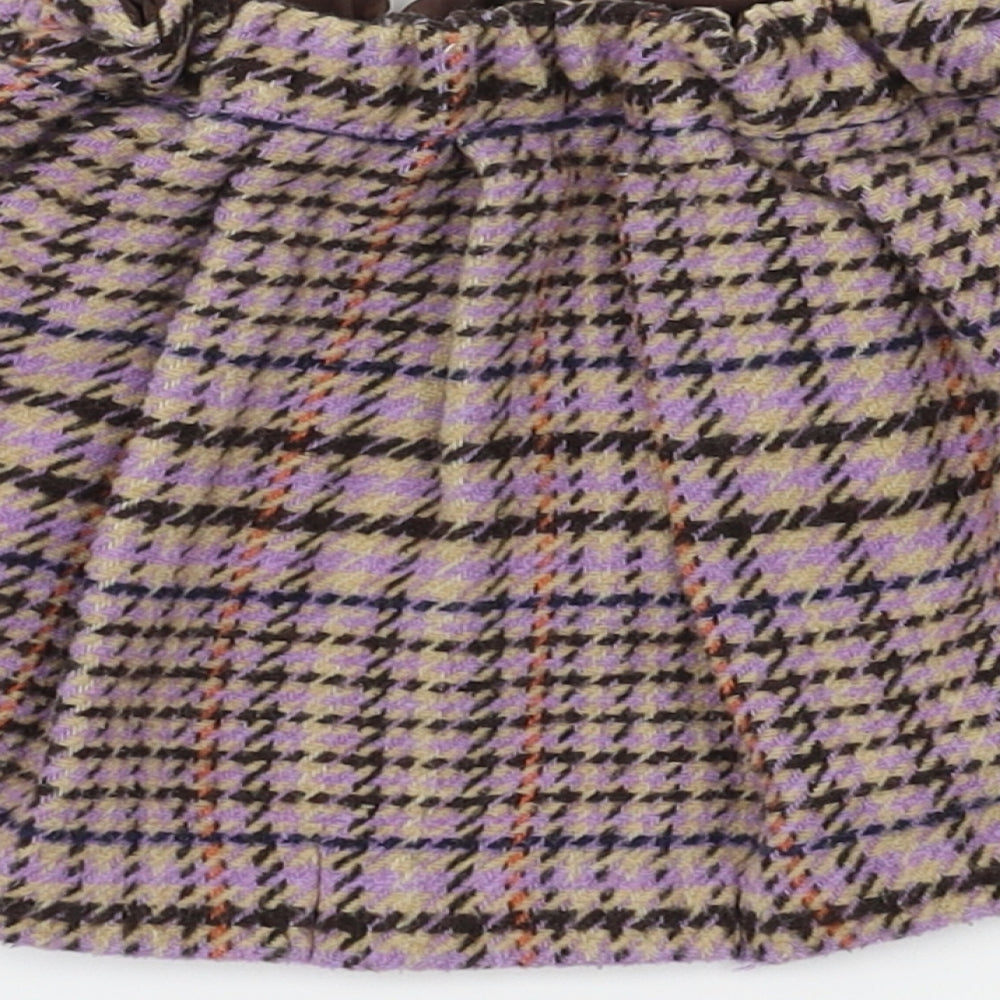 NEXT  Brown   Flare Skirt Size 12-18 Months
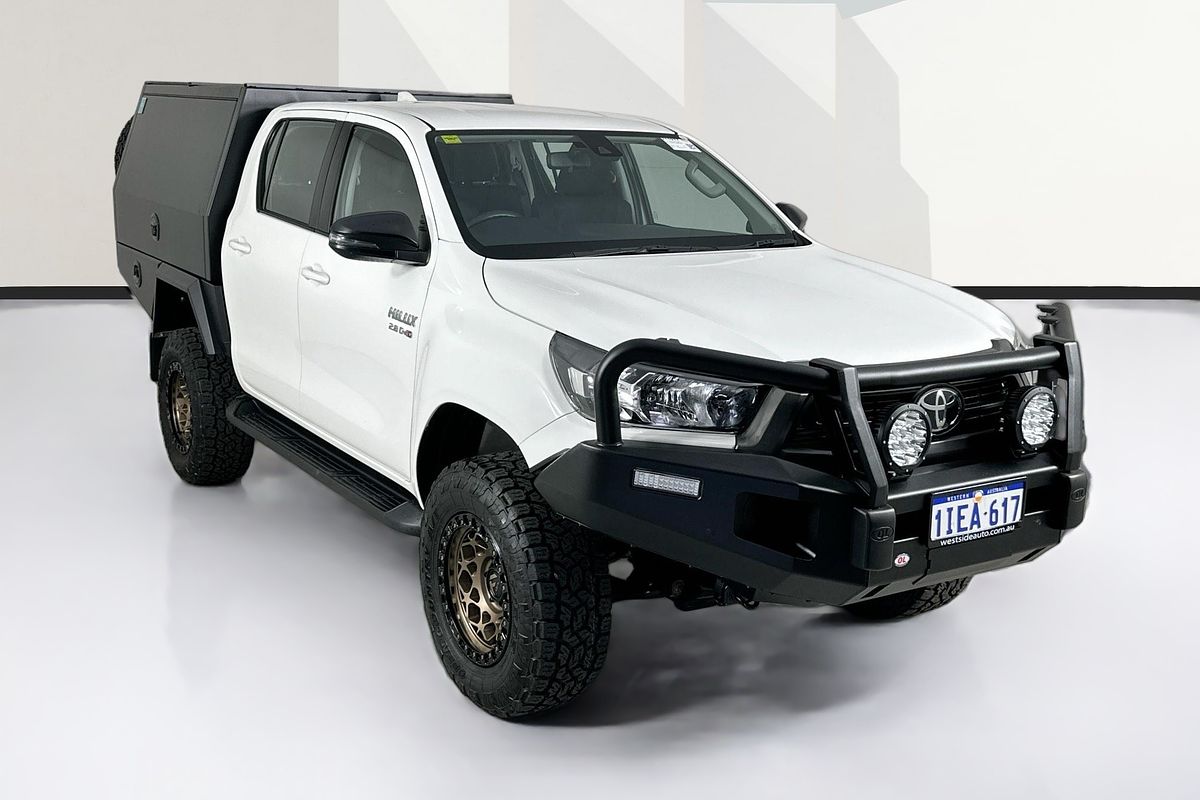 2024 Toyota HILUX SR (4x4) GUN126R 4X4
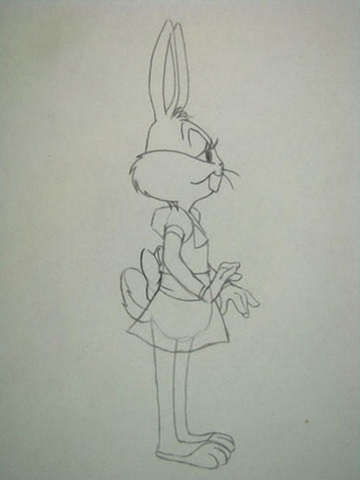 Honey Bunny sketch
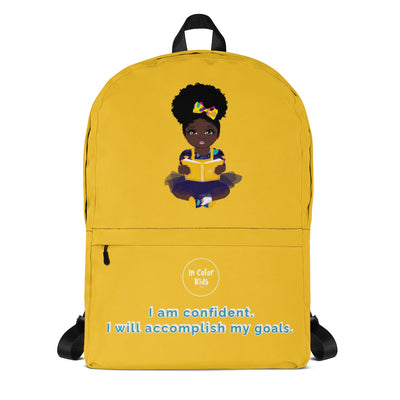 Confident Backpack - Cocoa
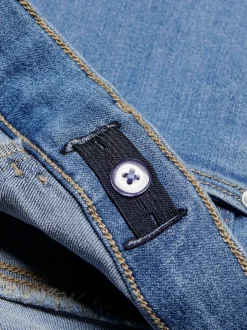 KONRAIN Mittlere Taille Skinny Fit Jeans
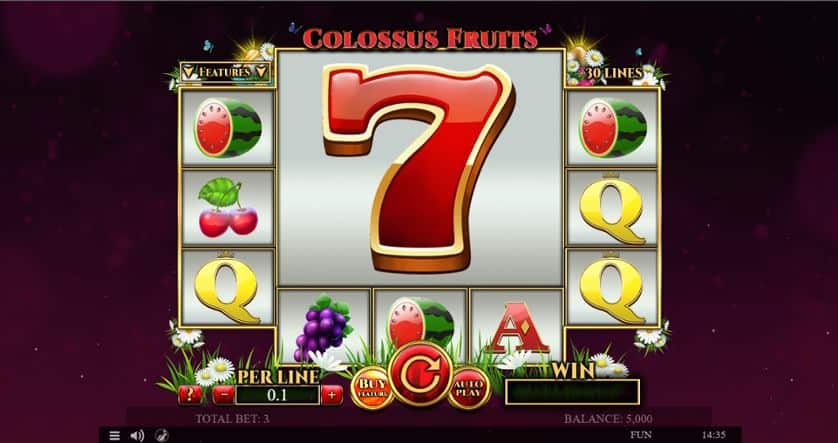 Igrajte brezplačno Colossus Fruits Easter Edition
+++
- What to work on -
Copy nothing outside the span: please output the lines from the one with "KONRAIN Mittlere Taille Skinny Fit Jeans" through the end of the entries above, and skip the pictures.

- Task output -
 KONRAIN Mittlere Taille Skinny Fit Jeans
 Igrajte brezplačno Colossus Fruits Easter Edition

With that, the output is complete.